The old Arab regimes which managed to survive and are consolidating their power in the region have only won a pyrrhic victory. They are led by authoritarian men disconnected from their youthful rebellious populations. They struggle to find a unifying national cause beyond anti-terrorism and now seem to elevate a forced form of secularism as state ideology. But are the likes of Abdel Fattah el-Sisi and Mohamed bin Salman able to pull off what visionary independence leaders such as Turkey’s Mustafa Kemal Ataturk or Tunisia’s Habib Bourguiba did?
At the same time, the density of available information pushes observers and newly-found Middle East “experts” to believe that their hastily-formulated superficial judgements about the region are accurate, when, in fact, the regional dynamics are far beyond their grasp. The Arab Spring cannot be fully measured today; it will be the job of historians and political scientists in a few decades to judge what really happened in the past seven years.
But things are not totally bleak. A year ago, the world was still trembling at the sight of ISIL’s black flags. The Islamist Winter metaphor was largely the result of the ascendency of ISIL (the Islamic State of Iraq and the Levant, also known as ISIS). That threat seems to have vanished today, and the caliphate of the armed group crumbled like a house of cards when the international community decided to work together. ISIL was defeated by lethal means, but its propaganda was thwarted by door-to-door and online counter-propaganda. This shows that avoiding the worst is possible and that Arab youth are not “born terrorists”.
And amid all this babel, two quasi-democracies struggle to survive: Lebanon and Tunisia. Both are plagued by corruption and nepotism, have weak state institutions and face tremendous economic and security problems. However, they remain peaceful against all odds. In both countries, a certain resilience seems to hold. The population is angry, but anger is defused through dialogue and civilian protests.
In Lebanon, civil society activism, which mobilised the street for months during the waste disposal and the electricity and gas crises, has transcended all sects. During the 2016 elections, a non-sectarian, independent group, Beirut Madinati (Beirut My City), came second in the city of Beirut and was emulated in other Lebanese cities. In November 2017, when Prime Minister Saad Hariri was detained in Saudi Arabia, most of Lebanon’s political class and civil society united behind him, putting aside their divisions and personal interests.
In Tunisia, democracy has opened the way for public debates on all topics, ranging from the corruption or incapacity of political leaders to atheism and homosexuality, identity, etc.

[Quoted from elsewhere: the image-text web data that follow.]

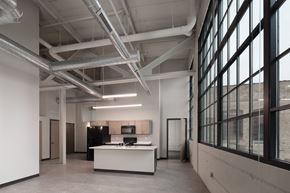 Milwaukee apartment for rent - Spacious apartment at CWC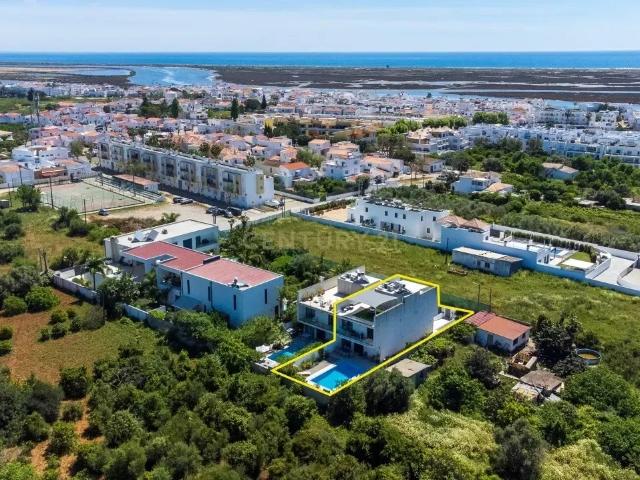 Moradia contemporânea com piscina, 4 suites, terraços amplos e vista até à ria e ao mar, em Santa Luzia – Tavira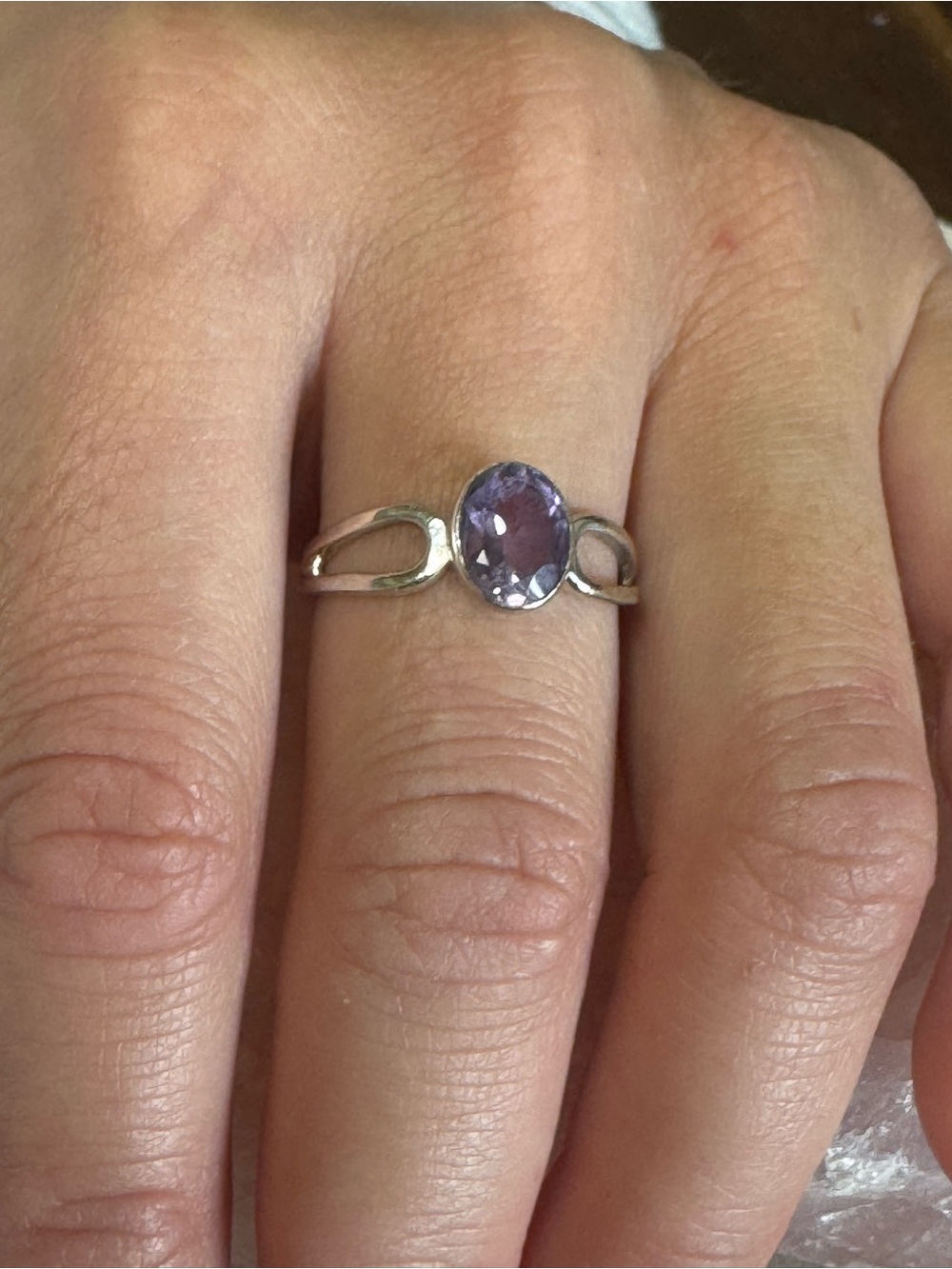Amethyst Sterling Silver Oval Gemstone Ring - Size 7.75
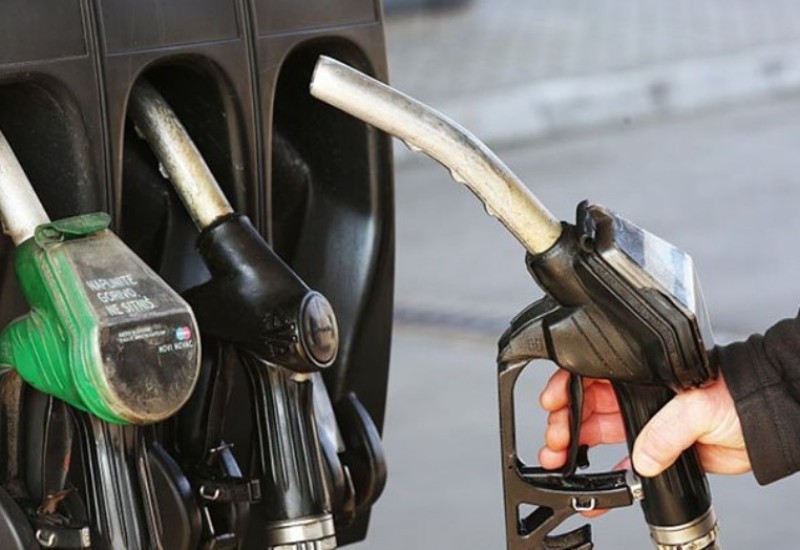 Pojeftinili benzin i dizel u BiH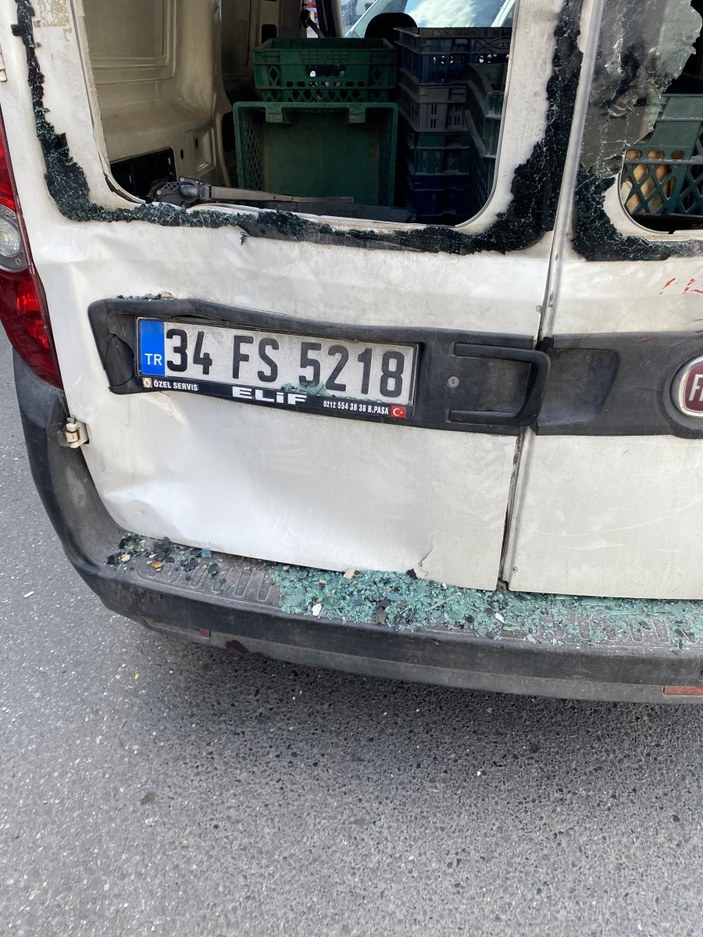 Bayrampaşa'daki sürücü iki arabanın arasına sıkıştı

Unsurprisingly, the country has witnessed some of the largest anti-Trump demonstrations in December, when Egypt barely moved. The Tunisian national is perhaps the only Arab who can claim to be a full citizen – although unhappy and impoverished – and not a mere subject.
Tunisia has a largely homogenous society, a certain degree of women’s emancipation, and a strong public education system; it also faces limited foreign intervention. These attributes, along with the newly acquired freedoms, contributed to the drafting of a progressive, democratic and consensus-based constitution. Tunisia is now drafting an all-encompassing, bottom-up social contract. Foundations take time to build, but once established, they are difficult to destroy or upset.
The Arab region is part of a world in disarray. Like other parts of the globe, it is facing major transformations, and it has not yet found a way to get over them. The path towards democracy which started in Tunisia was crushed in many countries, but no convincing alternatives have emerged.
The worldwide wave of authoritarianism may be a blessing for most Arab despots. But ultimately, as Tunisia and Lebanon may prove, and as the Ancient Greeks found out, democracy remains the best form of government.